• **What you should do**
Every line below is to be set down again exactly; any image stays out.

• **Excerpted data**
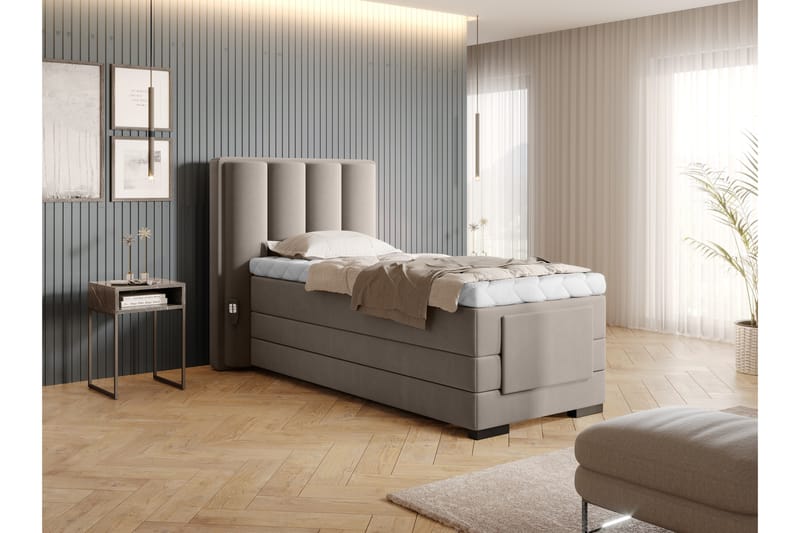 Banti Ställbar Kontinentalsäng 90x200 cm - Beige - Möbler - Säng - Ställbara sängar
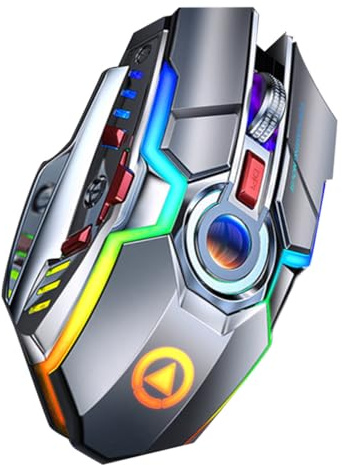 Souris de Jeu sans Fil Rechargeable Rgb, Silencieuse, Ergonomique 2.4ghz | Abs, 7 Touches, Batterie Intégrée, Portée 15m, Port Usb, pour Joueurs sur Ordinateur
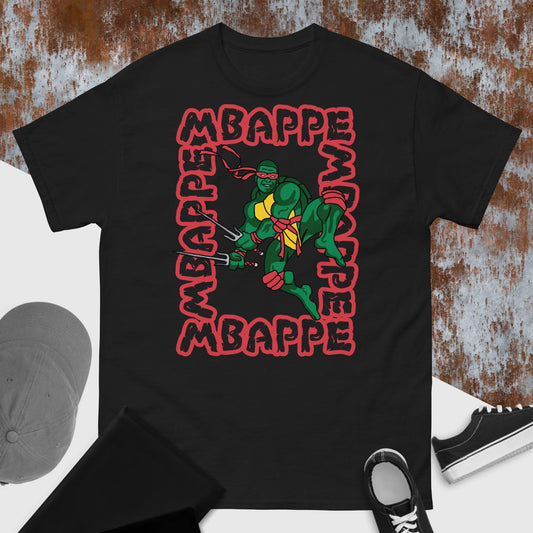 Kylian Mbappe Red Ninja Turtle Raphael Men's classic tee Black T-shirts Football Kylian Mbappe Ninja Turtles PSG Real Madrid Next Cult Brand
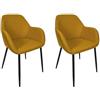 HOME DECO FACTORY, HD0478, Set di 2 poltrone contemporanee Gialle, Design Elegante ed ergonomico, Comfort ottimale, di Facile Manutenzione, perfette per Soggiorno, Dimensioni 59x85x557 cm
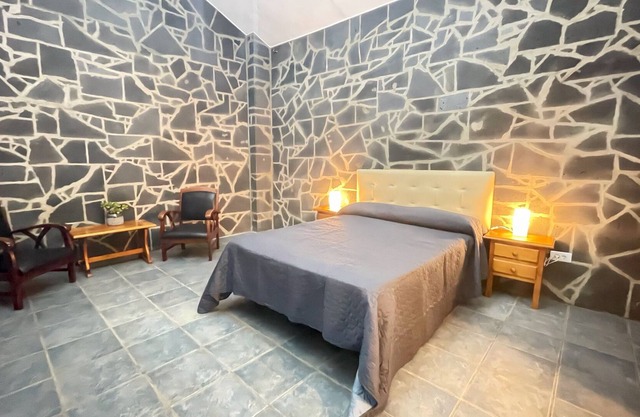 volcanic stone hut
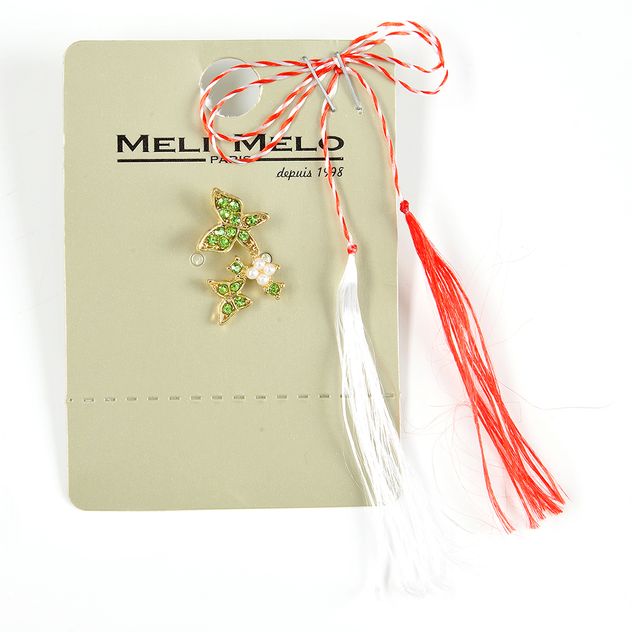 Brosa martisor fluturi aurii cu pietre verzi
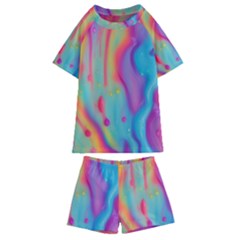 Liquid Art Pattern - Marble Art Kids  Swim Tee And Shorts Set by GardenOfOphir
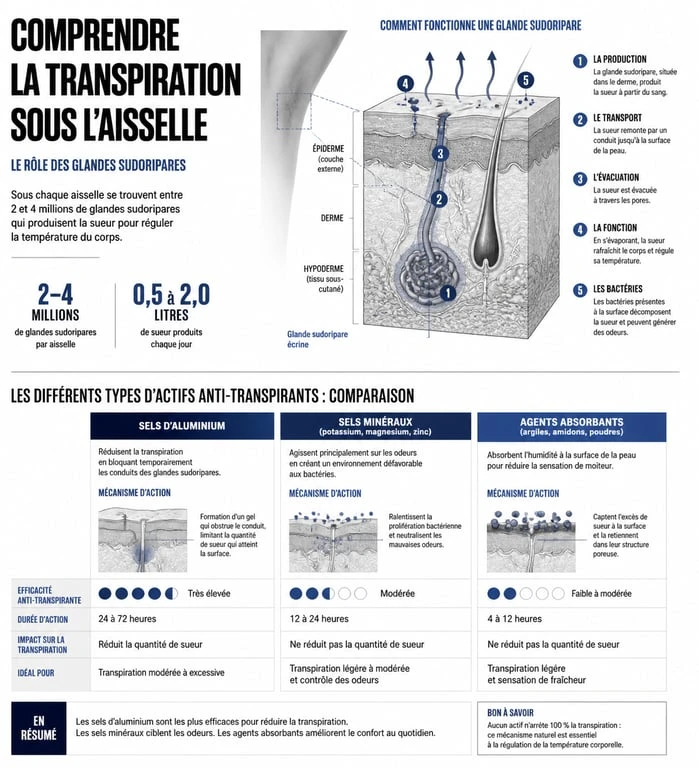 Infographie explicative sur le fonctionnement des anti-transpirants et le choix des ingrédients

• **Response to this exercise**
 Banti Ställbar Kontinentalsäng 90x200 cm - Beige - Möbler - Säng - Ställbara sängar
 Souris de Jeu sans Fil Rechargeable Rgb, Silencieuse, Ergonomique 2.4ghz | Abs, 7 Touches, Batterie Intégrée, Portée 15m, Port Usb, pour Joueurs sur Ordinateur
 Kylian Mbappe Red Ninja Turtle Raphael Men's classic tee Black T-shirts Football Kylian Mbappe Ninja Turtles PSG Real Madrid Next Cult Brand
 HOME DECO FACTORY, HD0478, Set di 2 poltrone contemporanee Gialle, Design Elegante ed ergonomico, Comfort ottimale, di Facile Manutenzione, perfette per Soggiorno, Dimensioni 59x85x557 cm
 volcanic stone hut
 Brosa martisor fluturi aurii cu pietre verzi
 Liquid Art Pattern - Marble Art Kids  Swim Tee And Shorts Set by GardenOfOphir
 Infographie explicative sur le fonctionnement des anti-transpirants et le choix des ingrédients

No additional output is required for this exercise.